If we conclude that a material uncertainty exists, we are
required to draw attention in our auditor’s report to the
related disclosures in the financial statements or, if such
disclosures are inadequate, to modify our opinion. Our
conclusions are based on the audit evidence obtained up
to the date of our auditor’s report. However, future events
or conditions may cause the Company to cease to continue
as a going concern.

• Evaluate the overall presentation, structure and content
of the financial statements, including the disclosures, and
whether the financial statements represent the underlying
transactions and events in a manner that achieves fair
presentation.

We communicate with those charged with governance regarding,
among other matters, the planned scope and timing of the
audit and significant audit findings, including any significant
deficiencies in internal control that we identify during our audit.

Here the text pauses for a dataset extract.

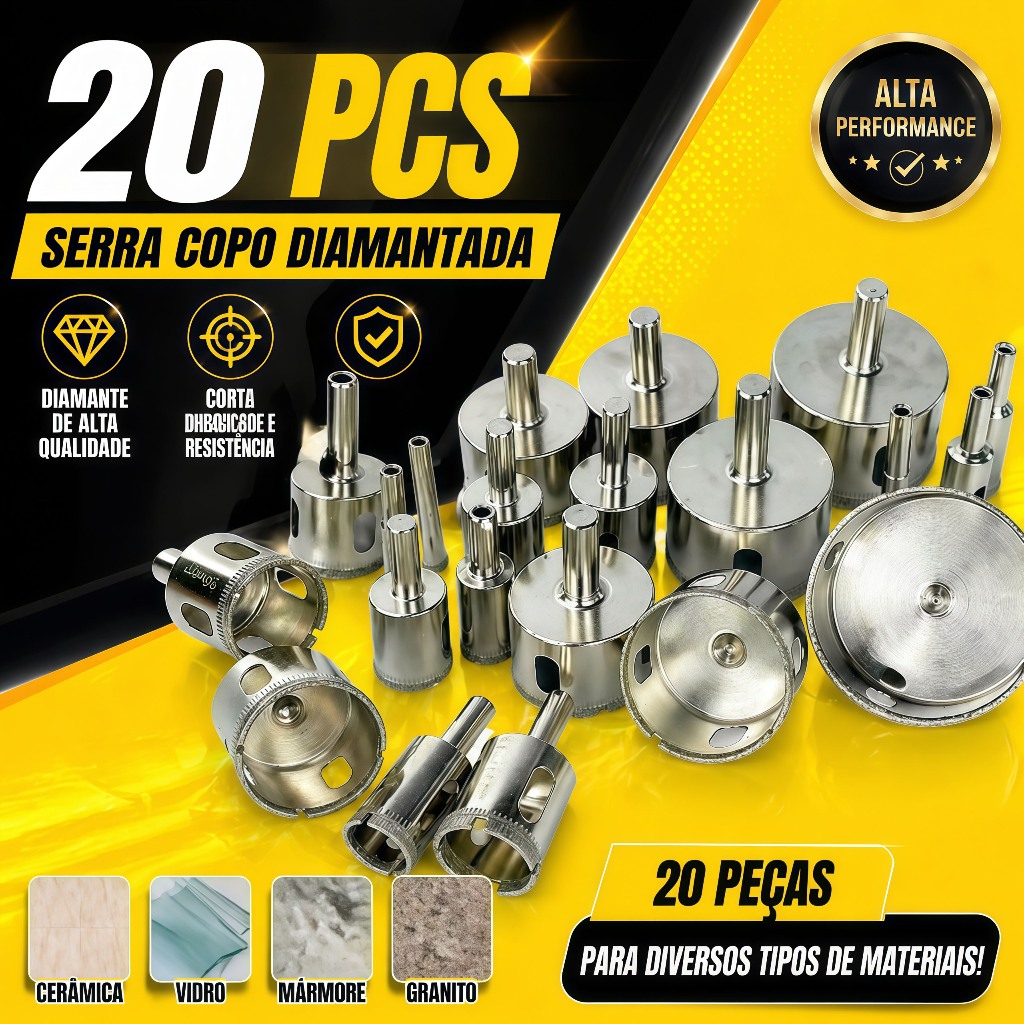 Jogo 15/20 Brocas Diamantadas Serra Copo furar Vidro Granito Ceramica 6 a 50 mm kit ferramentas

We also provide those charged with governance with a statement
that we have complied with relevant ethical requirements
regarding independence, and to communicate with them all
relationships and other matters that may reasonably be thought
to bear on our independence, and where applicable, related
safeguards.

From the matters communicated with those charged with
governance, we determine those matters that were of most
significance in the audit of the financial statements of the current
period and are therefore the key audit matters. We describe these
matters in our auditor’s report unless law or regulation precludes
public disclosure about the matter or when, in extremely rare
circumstances, we determine that a matter should not be
communicated in our report because the adverse consequences
of doing so would reasonably be expected to outweigh the public
interest benefits of such communication.

Report on Other Legal and Regulatory Requirements

1. As required by the Companies (Auditor’s Report) Order, 2020
(“the Order”) issued by the Central Government of India in
terms of Sub section (11) of Section 143 of the Act, we give
in the
ANNEXURE “A”, a statement on the matters specified
in paragraphs 3 and 4 of the Order, to the extent applicable.

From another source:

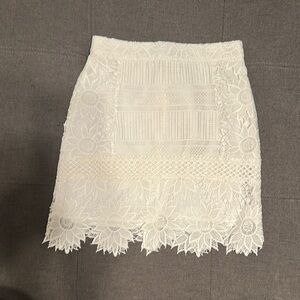 Topshop White Lace Floral Pencil Skirt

2. As required by Section 143(3) of the Act, we report that:

i) We have sought and obtained all the information and
explanations, which to the best of our knowledge and
belief were necessary for the purpose of our audit;

ii) In our opinion, proper books of account as required by
law have been kept by the Company so far as appears
from our examination of those books except for the
matter stated in the paragraph (viii)(f) below on
reporting under Rule 11(g)

iii) The Balance Sheet, the Statement of Profit and Loss
Account (including Other Comprehensive Income),
Statement of Changes in Equity and the Statement of
Cash Flow dealt with in this report are in agreement
with the books of account.

iv) In our opinion, the financial statements comply with
the Ind AS specified under section 133 of the Act.

v) On the basis of the written representations received
from the directors taken on records by the Board of
Directors, none of the directors is disqualified from
being appointed as a director under sub-section (2)
of section 164 of the Act.

vi) With respect to the adequacy of the internal financial
controls over financial reporting of the Company and
the operating effectiveness of such controls, refer to
our Separate report in
ANNEXURE “B”. Our report
expresses an unmodified opinion on the adequacy
and operating effectiveness of the Company’s internal
financial controls over financial reporting.

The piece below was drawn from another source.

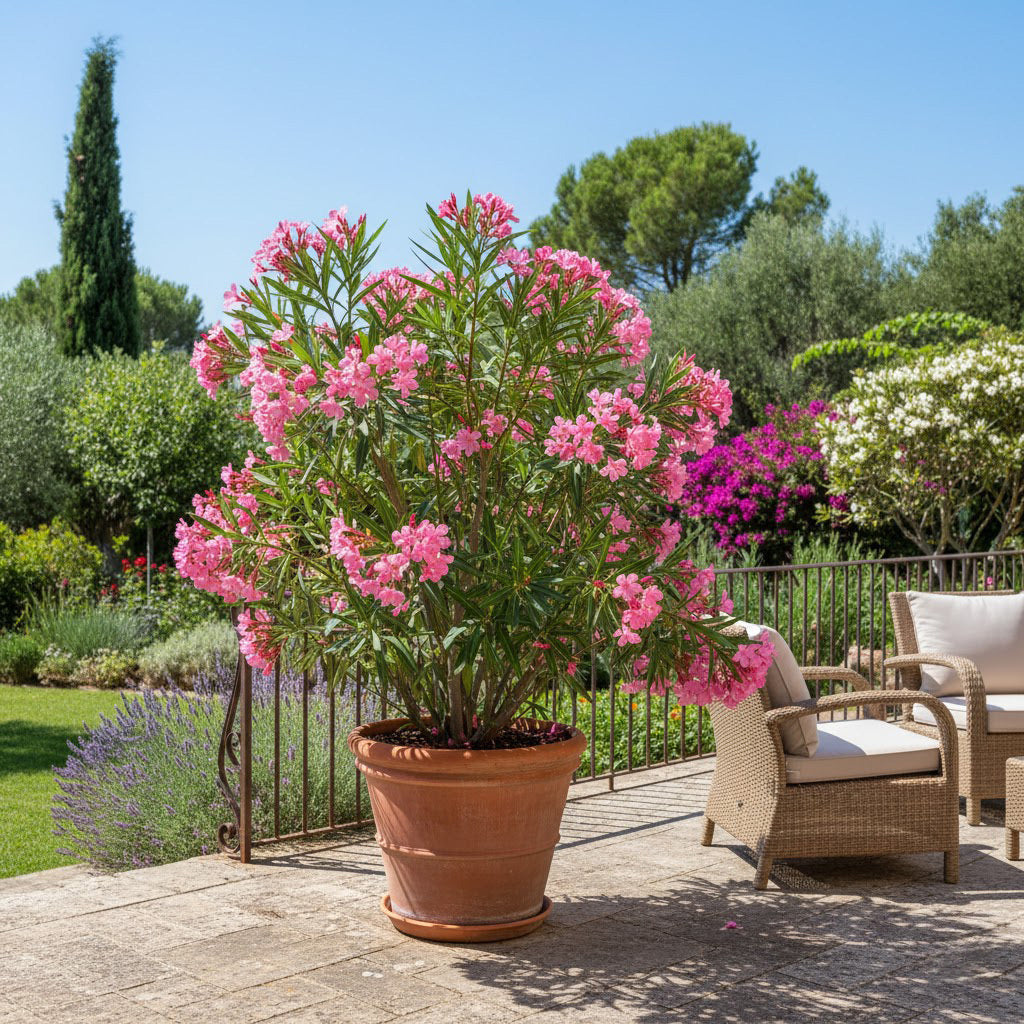Culture en pot du laurier rose : réussir la floraison sur balcon ou terrasse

vii) With respect to the other matters to be included in the
Auditor’s Report in accordance with the requirements
of section 197(16) of the Act, as amended:

In our opinion and to the best of our information
and according to the explanations given to us, the
remuneration paid by the Company to its Directors
during the year is in accordance with provisions of
Section 197 of the Act.

viii) With respect to other matters to be included in the
auditor’s report in accordance with Rule 11 of the
Companies (Audit and Auditors) Rules, 2014, in our
opinion and to the best of our information and according
to the explanations given to us

a. The Company has disclosed the pending litigations
which would impact its financial position Refer
Note 31(c);

b. The Company did not have any long term contracts
including derivative contracts for which there were
any material foreseeable losses;

c. There has been no delay in transferring amounts,
required to be transferred, to the Investor
Education and Protection Fund by the Company.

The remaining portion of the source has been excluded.